WCF by Example - Chapter VII - Decoupling of WCF Services from the ViewModel

The Series

WCF by example is a series of articles that describe how to design and develop a WPF client using WCF for communication and NHibernate for persistence purposes. The series introduction describes the scope of the articles, and discusses the architect solution at a high level.

Chapter Overview

In the previous chapter, we introduced a basic WPF client. Currently, the View and the Model are almost ready, but the ViewModel does not provide any mechanism for calling service methods. We previously discussed the need for decoupling the client from the WCF distribution layer. The goal is to provide a development environment for RAD that leverages business exploration without the overhead of deploying a full production infrastructure. We would like to provide a development environment where changes are inexpensive and deployments are easy. We don't want to install services in IIS, or maintain a SQL Server database; we are looking for an installation that comprises a bunch of files that can be deployed in a memory stick if needed. BAs, product owners, testers should be able to execute this application in an easy manner.
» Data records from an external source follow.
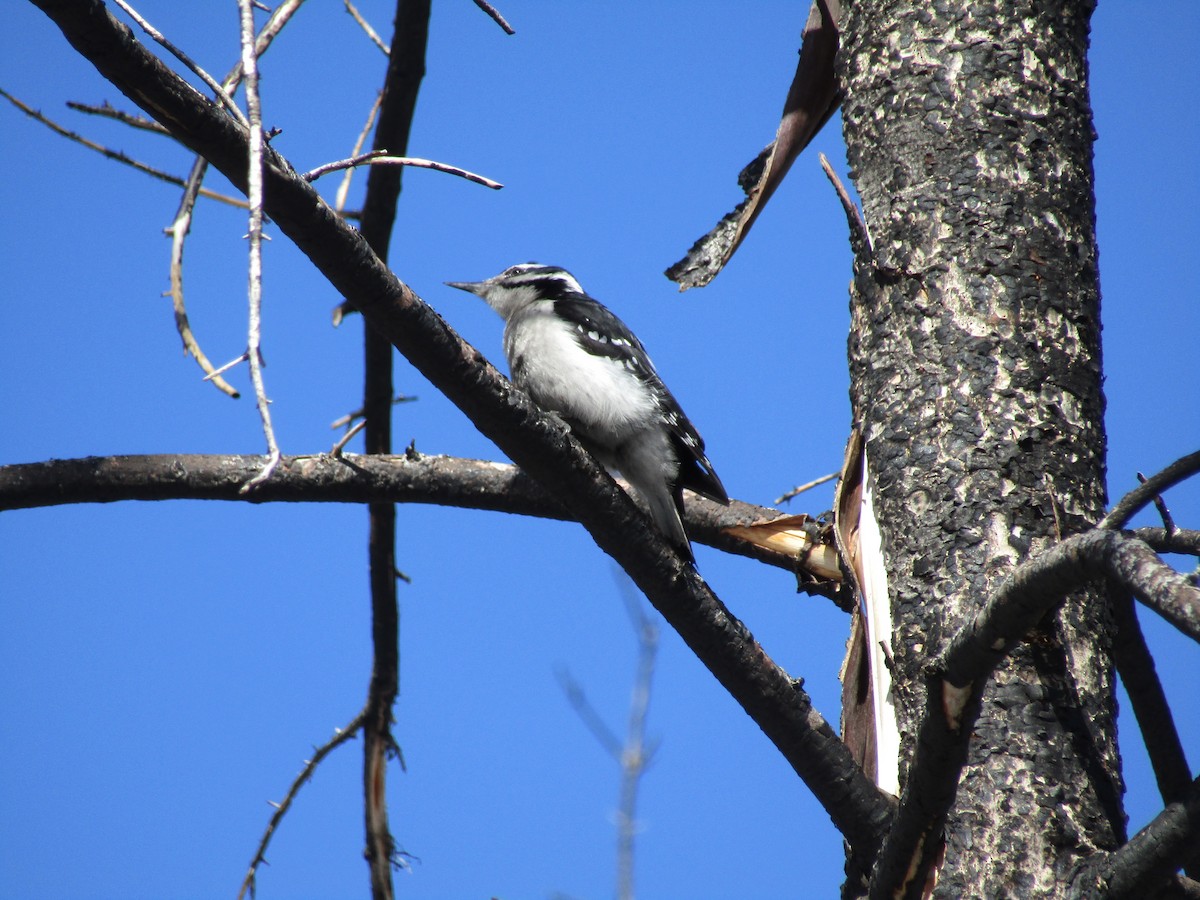 Hairy Woodpecker (Rocky Mts.) - ML215088031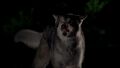 Thumbnail for version as of 03:17, August 23, 2011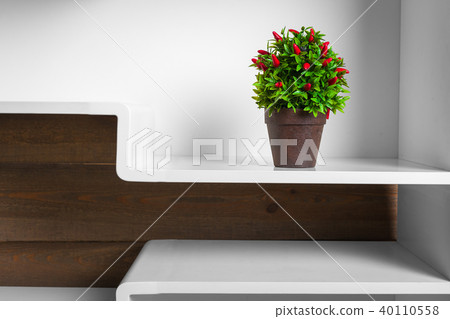 white shelves and green plant in pot white shelves and green plant in pot 40110558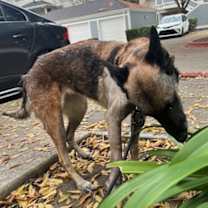 Thumbnail photo of Roxy in CA #3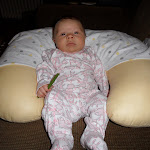 SAM_0474.JPG
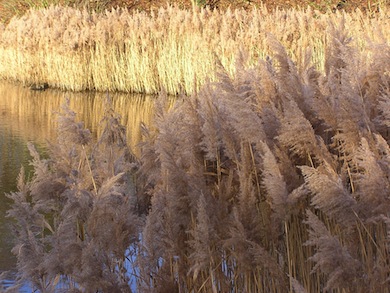 Reedbeds © Mike Waite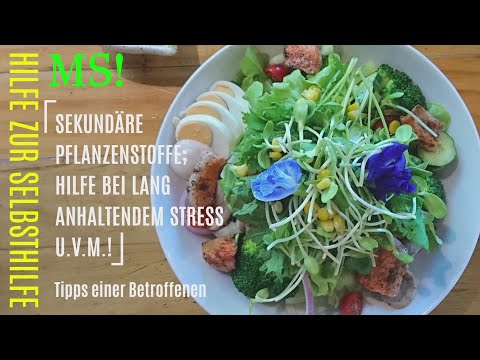 Kostenloser Diabetes-Screening Typ-1-Diabetes-Diät und Behandlung von Symptomen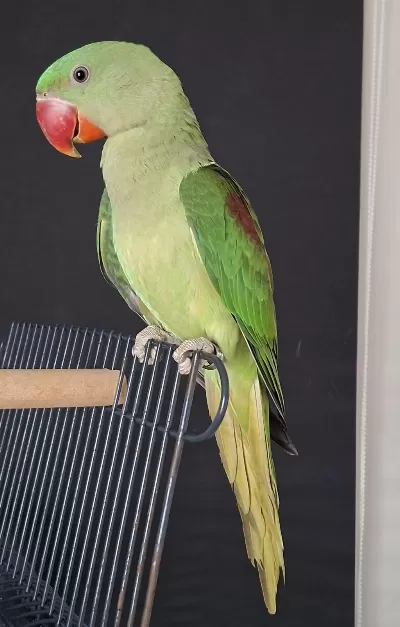 Yavru Alexander Jumbo Boy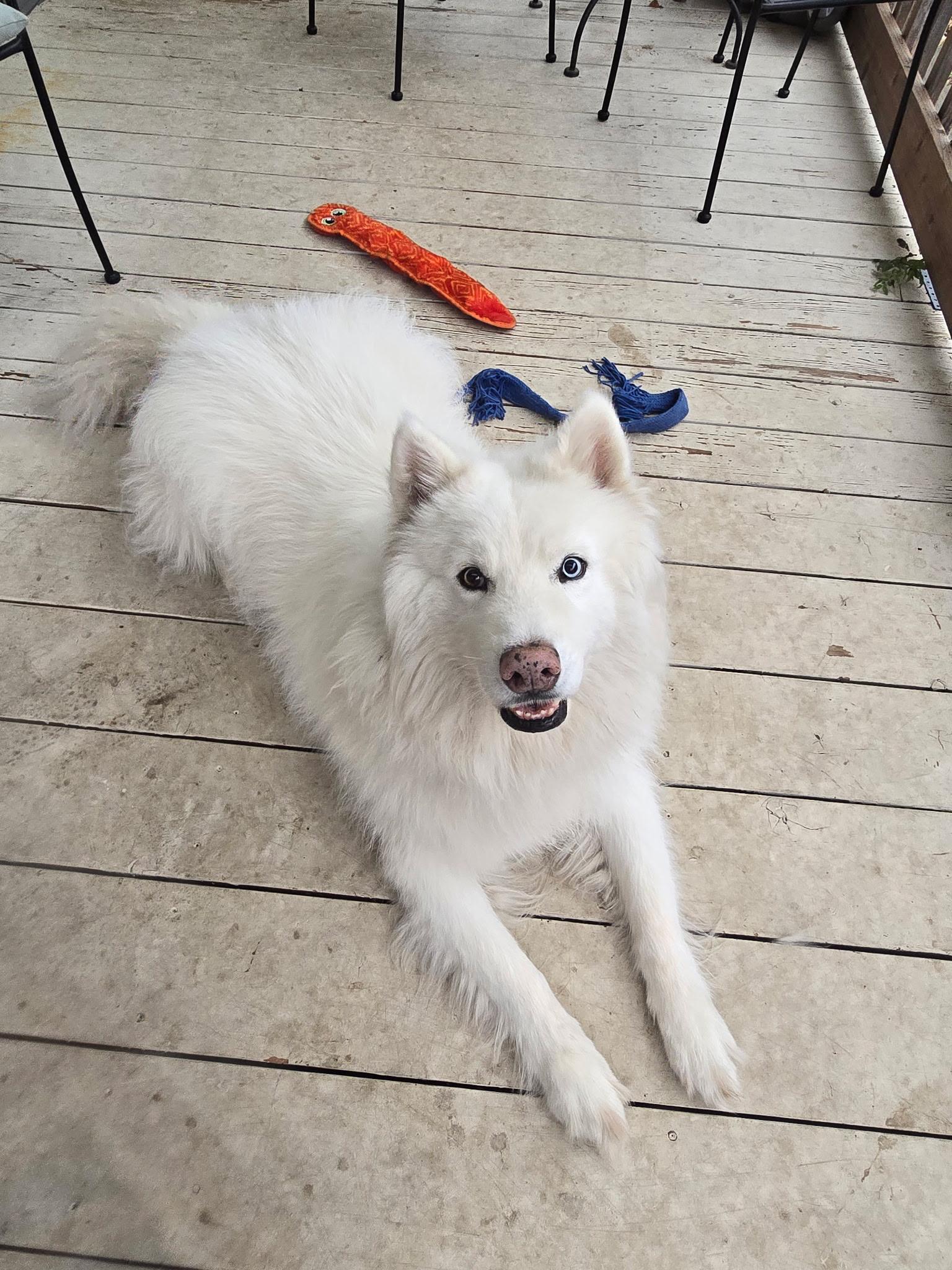 Enlarge Wylie, a Adoptable Samoyed in San Rafael, CA image 3/4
Therefore, we need to abstract the distribution layer so different implementations can be used in a transparent manner. In this chapter, we will describe the contract locator and how the client uses this mechanism to put in place a sort of pipeline pattern that provides the required functionality we are looking for.

The original implementation, although it resolved the coupling issue between the client and services, it imposed the overhead of maintaining a set of client classes for each service implementation. A ServiceAdapter based on generic classes with generic functions and anonymous methods provide a much better implementation where the client does not need to implement any additional classes to decouple the service calls. We also introduce in this article the CommandDispatcher which is required at a later stage when WCF services are introduced on the client side, see Chapter WCF by Example - Chapter XII - WCF Implementation for more details.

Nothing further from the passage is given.